You see, even though I’m a firm believer in the Life Cut theory, I’m still very much open to subtle tweaks, like bangs or no bangs, or a new colour, or a different length. (If you don’t know what I’m talking about with this term “Life Cut,” then you really should just go read this post—but in a nutshell, it’s that everyone should find a haircut that suits them for life.)
Maybe I’m also in the mood to switch things up because I’ve been talking to Nick Arrojo. He’s a celebrity hairstylist (clients include Minnie Driver and Bryan Adams) and best known as the former resident hairstylist on the makeover show What Not To Wear. And he is ALL ABOUT CHANGE. Just watch:
I definitely agree with what he’s saying—your hair DOES need to evolve as you age and trends change. (I mean, what else is this blog for? Duh.)
There’s just one area where our thinking differs: I believe there’s an overall hair shape that tends to flatter your face shape (seeing as we can’t do much about bone structure). For example: I’ve been growing out my bangs all summer, but now I’ve realized, like I always do when it gets to this stage, that my face is just a tiny bit too oblong for the bang-less look to really flatter me. But what do I know? I’m not a professional hairdresser.
I will say that I was happy to hear Nick say that it’s not really about length. Because I swear that every time I watched him on that show, he did a short haircut. (If you read the comments here, that kinda seems to be his rep.)
I also LOVE how he talks about embracing the texture you were born with, because that’s what you’re meant to have.
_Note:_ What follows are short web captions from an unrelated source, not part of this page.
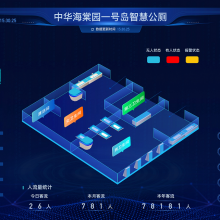 智慧公厕系统智能厕所人流量引导景区服务区智能卫生间解决方案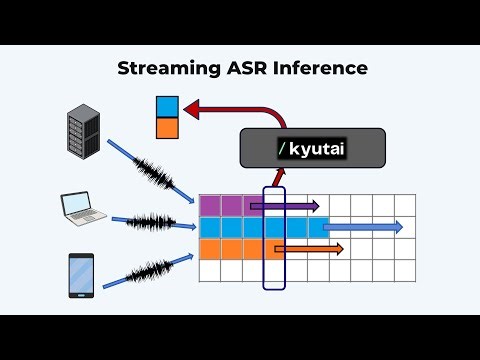 Inference Characteristics of Streaming Speech Recognition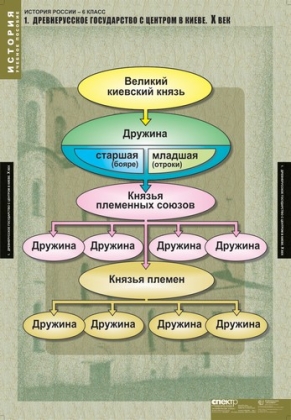Обложка книги Таблицы История России 6 класс, Автор , издательство Спектр-М | купить в книжном магазине Рослит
There’s no point fighting it. (Hmm… I can also use this theory to support my blonderexia. I mean, I was blonde as a child so technically it’s my “natural” hue… right?!)
Anyway, in other news, Nick is also about making styling really simple—which is why he came out with his own line of hair products:
They’ve been out in the U.S. for a while but just launched at salons across Canada. He says you only need one, maybe two products MAX to do your hair, and everything is really lightweight and smells fantastic.
Do you remember Nick from What Not To Wear?
How do you feel about his views on hair changes?
Will you be doing anything radical—a new cut, a new colour?—this fall?